China cities 'will not meet new air standards'
- 2 March 2012
- From the section China
Two-thirds of China's cities will fail to meet new air quality standards, a senior environment official says.
The comments from Vice-Minister of Environmental Protection Wu Xiaoqing came two days after the Cabinet announced revised monitoring standards which will come to effect in 2016.
China's air quality has worsened amid rapid economic growth.
In recent months people have called for changes to monitoring systems to better assess pollution.
Under the new standards readings for ozone and concentrations of PM2.5 - particulate matter smaller than 2.5 micrometers in diameter - will be monitored.
Concentrations of PM2.5 must be kept below daily averages of 75 micrograms per cubic meter, compared to the US standard of 35 micrograms.
At the same time, acceptable levels of the bigger PM10 particles will also be tightened.
Mr Wu said according to estimates two-thirds of cities around the country will fail to meet the new standards.
"This shows we are facing a more serious challenge," he said.
Monitoring of PM2.5 will begin this year in the four municipalities - Beijing, Tianjin, Shanghai and Chongqing - as well as in cities in the Pearl River delta and the Yangtze River delta.

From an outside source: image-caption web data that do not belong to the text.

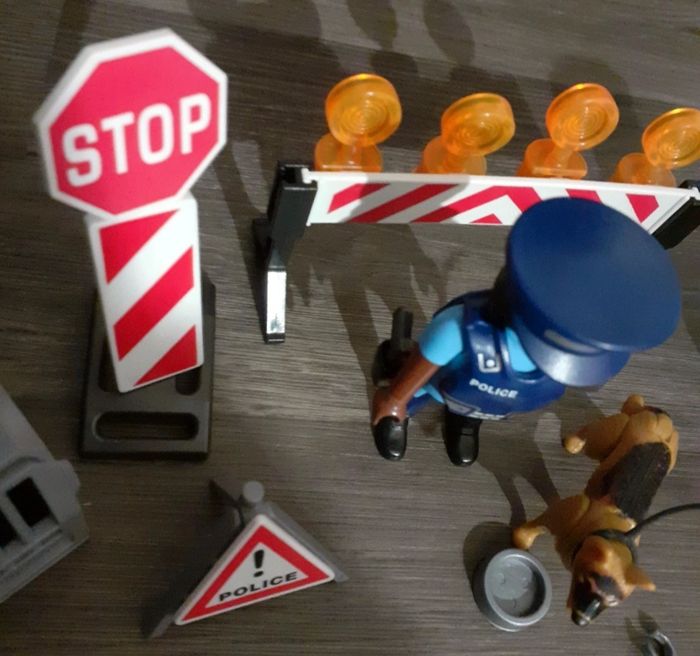 Playmobil - 6924 - brigade cinophile - photo numéro 5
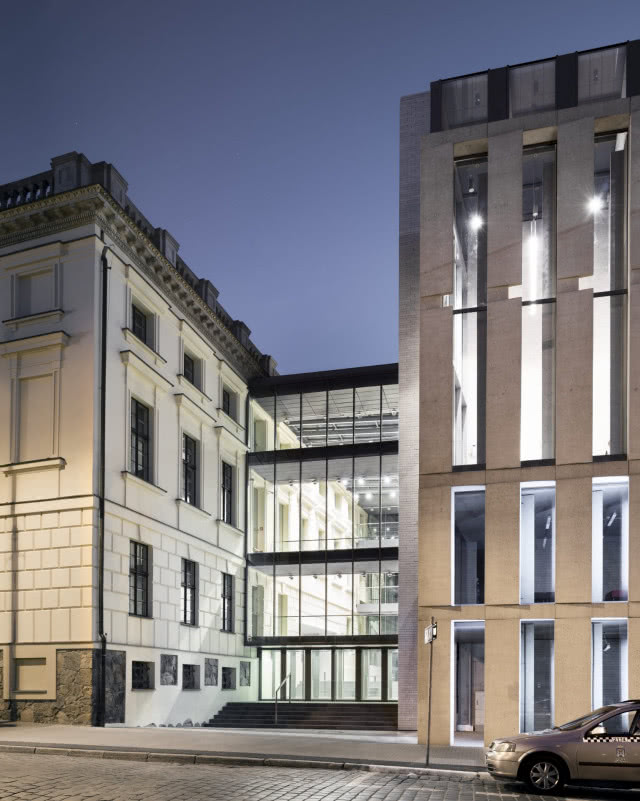 szklana plomba między budynkami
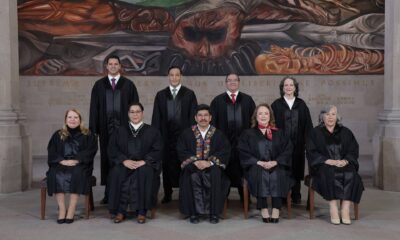 CIUDAD DE MÉXICO, 01SEPTIEMBRE2025.- Integración de la nueva Suprema Corte de Justicia de la Nación (SCJN): Hugo Aguilar Ortiz, ministro presidente, junto a los ministros Loretta Ortiz Ahlf; Lenia Batres Guadarrama; Yasmín Esquivel Mossa; María Estela Ríos González; Arístides Rodrigo Guerrero García; Giovanni Azael Figueroa Mejía; Irving Espinosa Betanzo y Sara Irene Herrerías Guerra. FOTO: NUEVA SCJN/NO VENTA SOLO USO EDITORIAL/CUARTOSCURO.COM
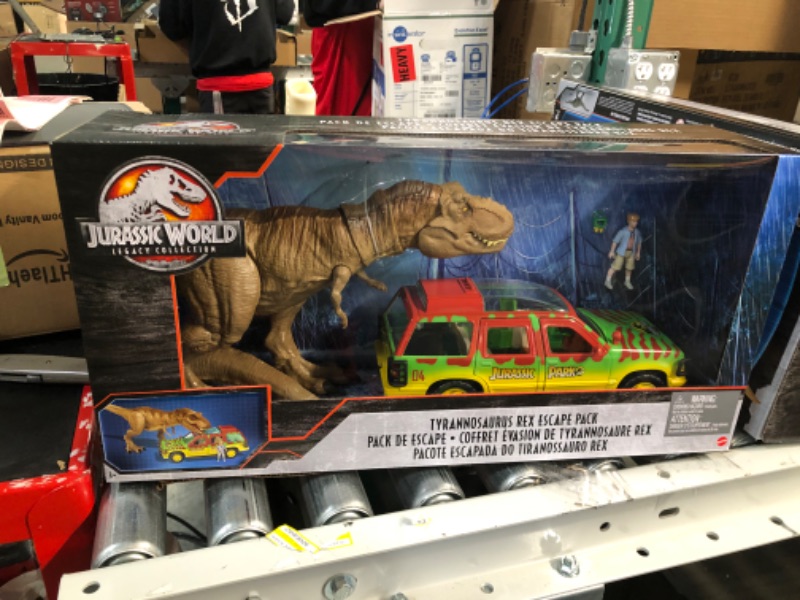 Photo 2 of **NEW**  Jurassic Park Mash-Up Tyrannocon Rex & Autobot JP93 Ages 8 and Up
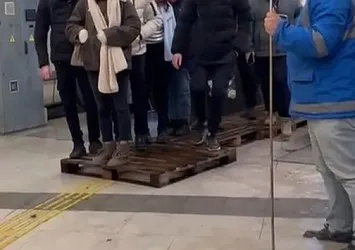 Metrobüs alt geçidini su bastı! Vatandaşlar paletlerin üzerinde mahsur kaldı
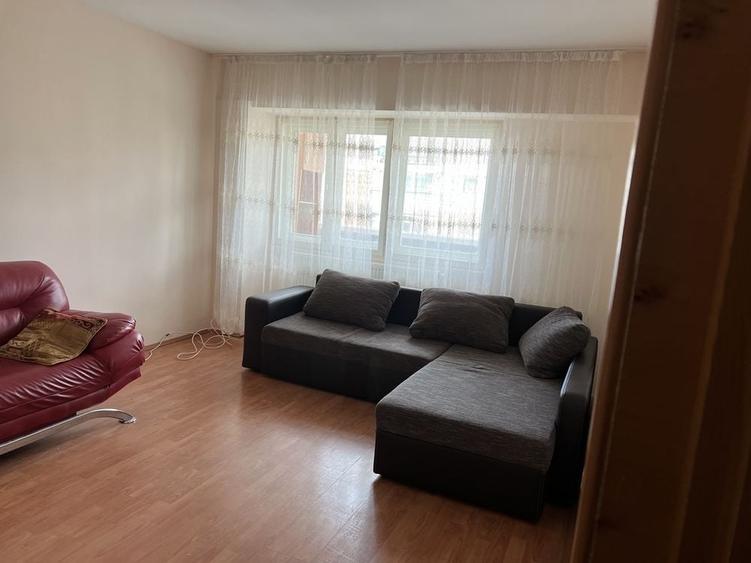 Inchiriez apartament 3 camere - 1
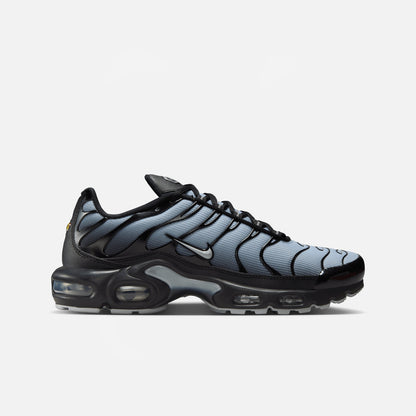Air Max Plus SE IO0657 001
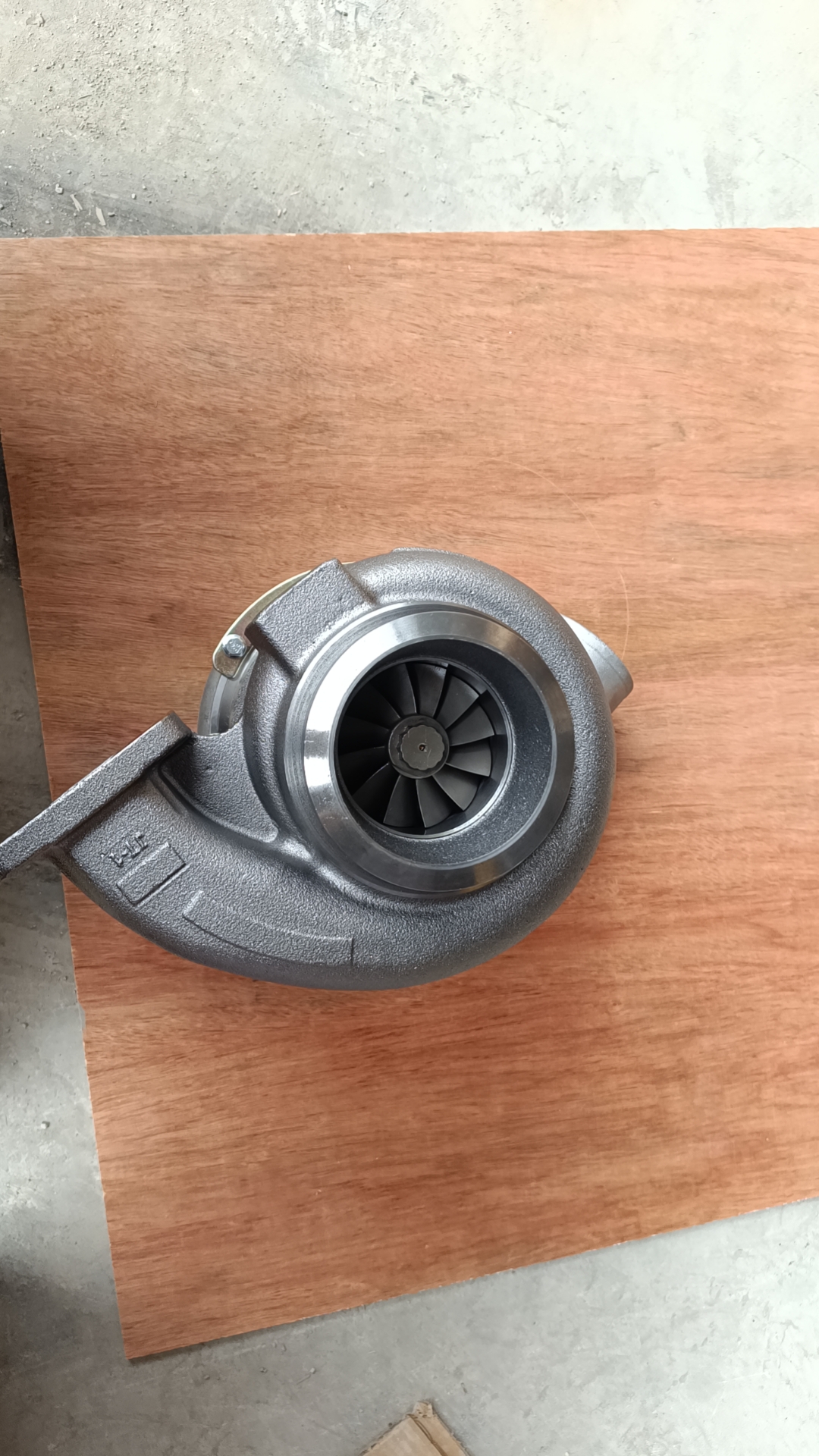 Liugong part 3537245 	Turbocharger M11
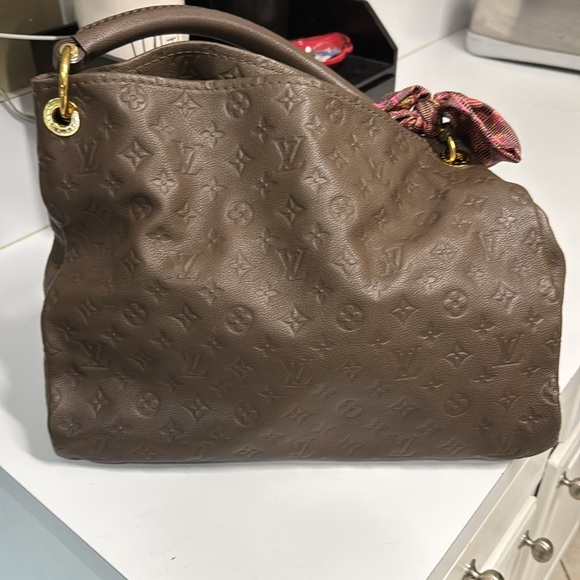 Authentic Louis Vuitton artsy - Picture 3 of 15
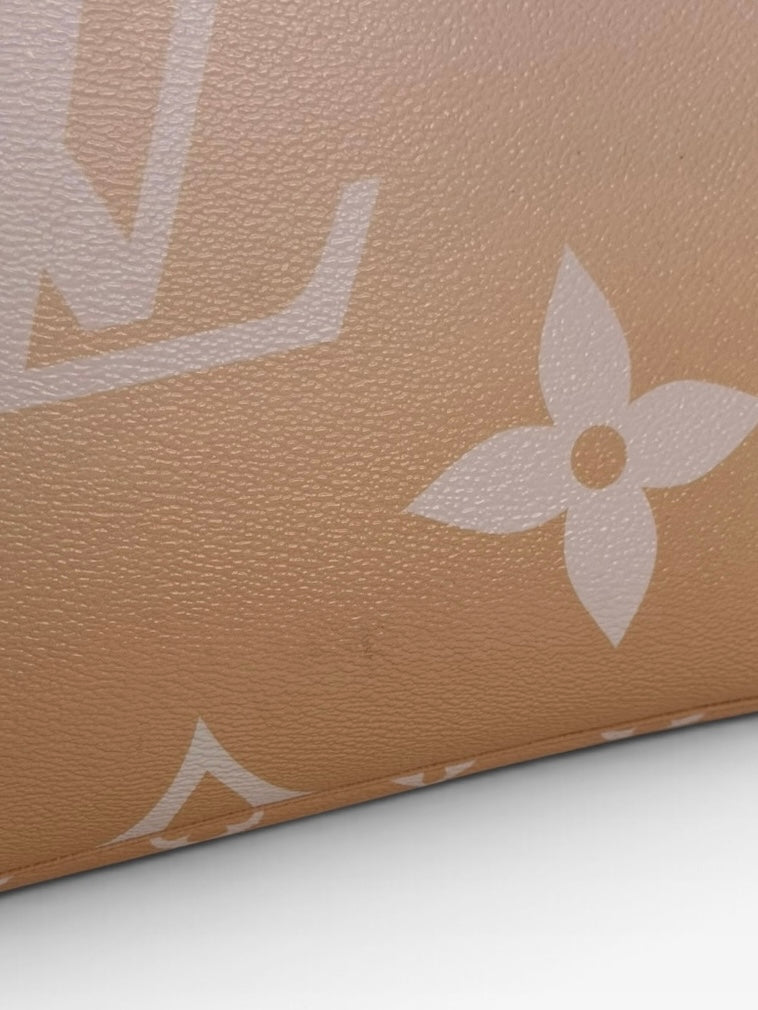 Louis Vuitton Neverfull PM In Beige & Cream Monogram With Gold Hardware. 100% authentic and preloved in excellent condition
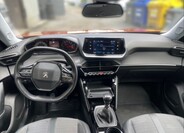 Peugeot 2008 9
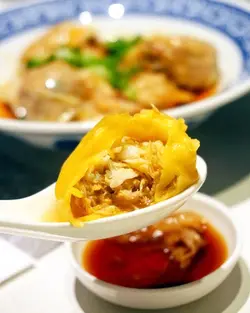 蟹肉小笼包
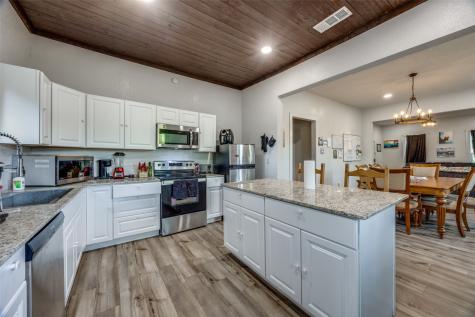 725 S Walnut Street Sherman TX 75090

But most other cities will not begin monitoring until 2015.
Mr Wu said the government planned to set up 1,500 air monitoring stations around the country.
"We also want to build up public confidence in the data we provide in order to better serve the public," he said.
The reform came after an online campaign for more stringent monitoring drew widespread support across China, including from some famous figures.
"Since we are still a developing country, the development level of our economy and technologies determines that China could only comply with the World Health Organisation stage I limits of the pollutants such as PM10 and PM2.5," said Mr Wu.
He said China would improve air quality in cities by improving energy infrastructure and intensifying controls over industrial and motor emissions.